Platforms like Wikitude and Layar help solving
the problem of location tracking and visualization.
However, AR applications will not be able to gain
much traction with the end users without a broad
availability of diverse sources of content. Active
user participation in content authoring is leading the
evolution of the Worldwide Web. A similar trend
could be applied to the AR applications. Schmalstieg
et al, 2010, introduce the concept of AR 2.0 or
Social AR, in which regular user can actively
participate and create their own content instead of
only consuming the content authored by a select
group of professional AR modellers and developers.
Langlotz et al, 2011, describe a handheld AR system
for on-the-go, on-device content authoring and
sharing. Using this system, end users can create 2D
and 3D content on a mobile device and publish it to
their private library on a remote server that supports
ARML (described below). Users are then free to
share this content with others or reuse the objects
they created for marking other real world locations.
3.4 Integration and Reuse of Content
In a typical AR application utilizing multiple POI
repositories, the AR server acts as the only point of
interaction between the POIs from different
repositories. For example, the only connection
between a bus stop and a nearby restaurant will be
their close proximity that will only become apparent
when the AR server processes both sets of POIs.
There is no logical or symbolic relationship between
such two POIs, although it could be of a great
benefit. A possible solution to this problem could be
to utilize the Linked Open Data (LOD) principles
(Berners-Lee, 2007), which suggest using URIs as
names for all data elements, including POIs, as well
as cross-referencing among them. Augmented
Reality Markup Language (ARML) used by
Wikitude provides a native LOD support and it is
gaining traction among AR system developers as the
Open Geospatial Consortium uniting over 440
international industry, government and academic
organizations has established the ARML 2.0
Standards Working Group in September 2011.
3.5 Using Context Information
One of the key features of AR applications is the
ability to present a subset of available information in
the current geospatial context. Research in context
awareness focuses on creating intelligent systems
that can adapt to the surrounding environment and
the user behaviour, thereby reducing information
overload and providing the user with the services
and information are relevant in the current context.

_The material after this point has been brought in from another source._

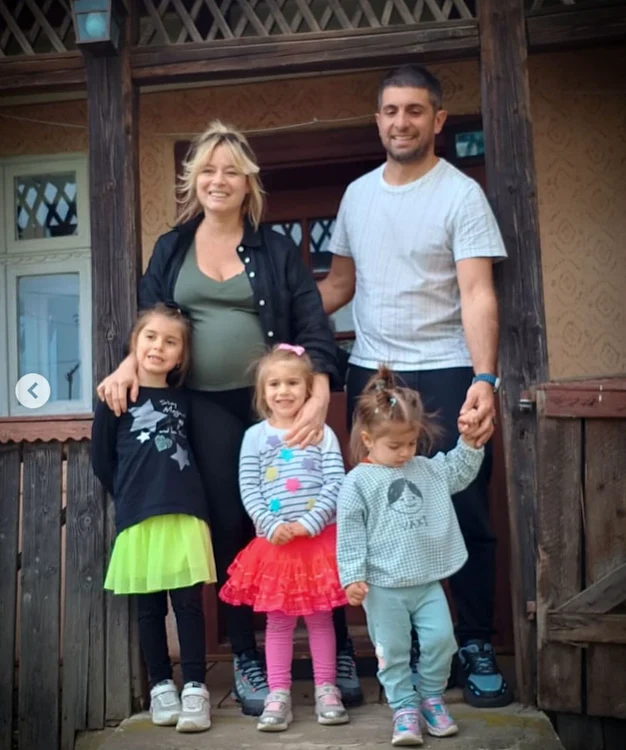 Laura Cosoi și familia PNG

Although all AR systems take advantage of the user
location context, it should be possible to provide the
users with a more personalized experience by
utilizing other contextual dimensions, such as user
intention based on the past behavioural profile (e.g.,
Lee and Woo, 2008). In addition to improving the
level of personalization, context-awareness in
handheld AR applications could facilitate sharing of
personalized content and social collaboration among
the users (Suh et al, 2007).
3.6 Usability Issues
Current applications address only the most obvious
and simplest challenges that could be solved by
handheld AR systems. Nack, 2010, notes that many
of them take advantage mainly of the contextualized
user position and orientation, provided that the
correct information channel is available. Smartphone
GPS sensors have the accuracy of about 20 meters,
while the magnetometers enable compass orientation
within about 20 degrees. This could lead to problems
with calculating the correct camera field of view
making real and digital objects not perfectly aligned.
Consequently, current mobile AR systems may not
offer the precision necessary to identify the specific
location of the entrance door or even distinguish
between different entrances to a building.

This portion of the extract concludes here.